If anyone has solved the problem, please comment.

Vladimir-125 commented 6 months ago

I seem to find the reason! It is because no GPU was found and the number of workers was set to 0 here. Check if your container or host sees GPU by running nvidia-smi. In my case, the container was not connecting to CUDA resulting in the error. I have restarted the container and the problem was resolved.

vladimir1257 commented 6 months ago

GitHub blocked my original account for some reason, so I am reposting it here. Hope it helps!
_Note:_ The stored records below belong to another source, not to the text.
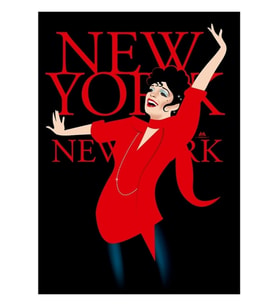 New York Tablo Ahşap Poster Dekoratif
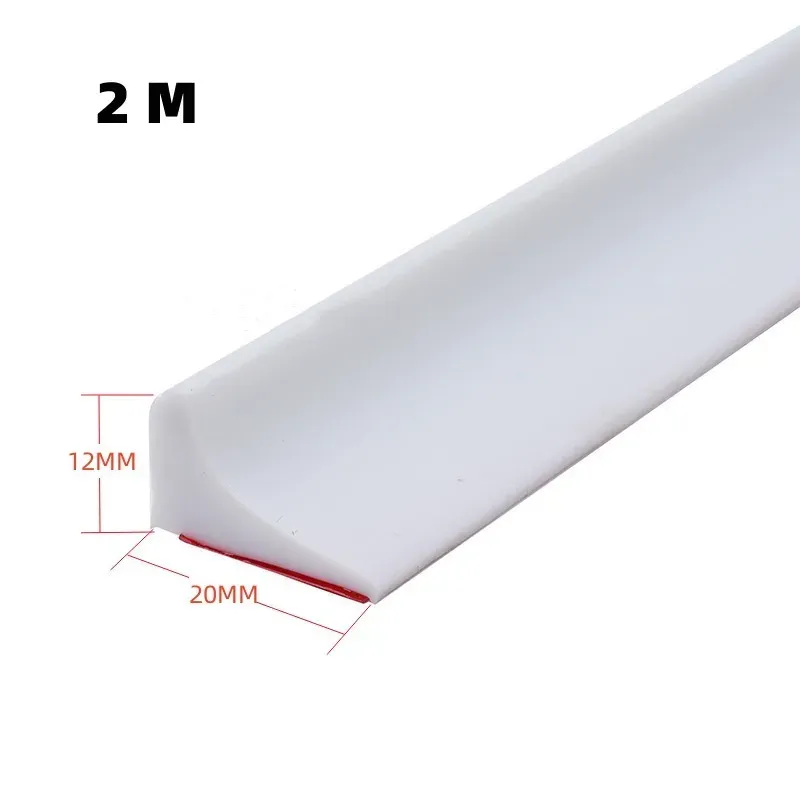 Bouchon de baignoire en silicone, barrière d'étanchéité auto-adhésive pour séparation sèche et humide, prévention des éclaboussures pour douche 22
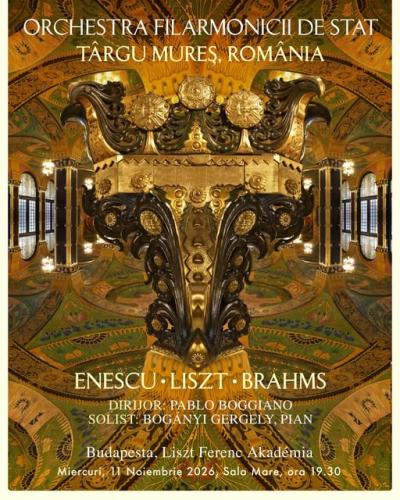 Orchestra Filarmonicii de Stat T&acirc;rgu Mureș va urca pe scena de la Budapesta &icirc;n toamnă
I seem to find the reason! It is because no GPU was found and the number of workers was set to 0 here. Check if your container or host sees GPU by running nvidia-smi. In my case, the container was not connecting to CUDA resulting in the error. I have restarted the container and the problem was resolved.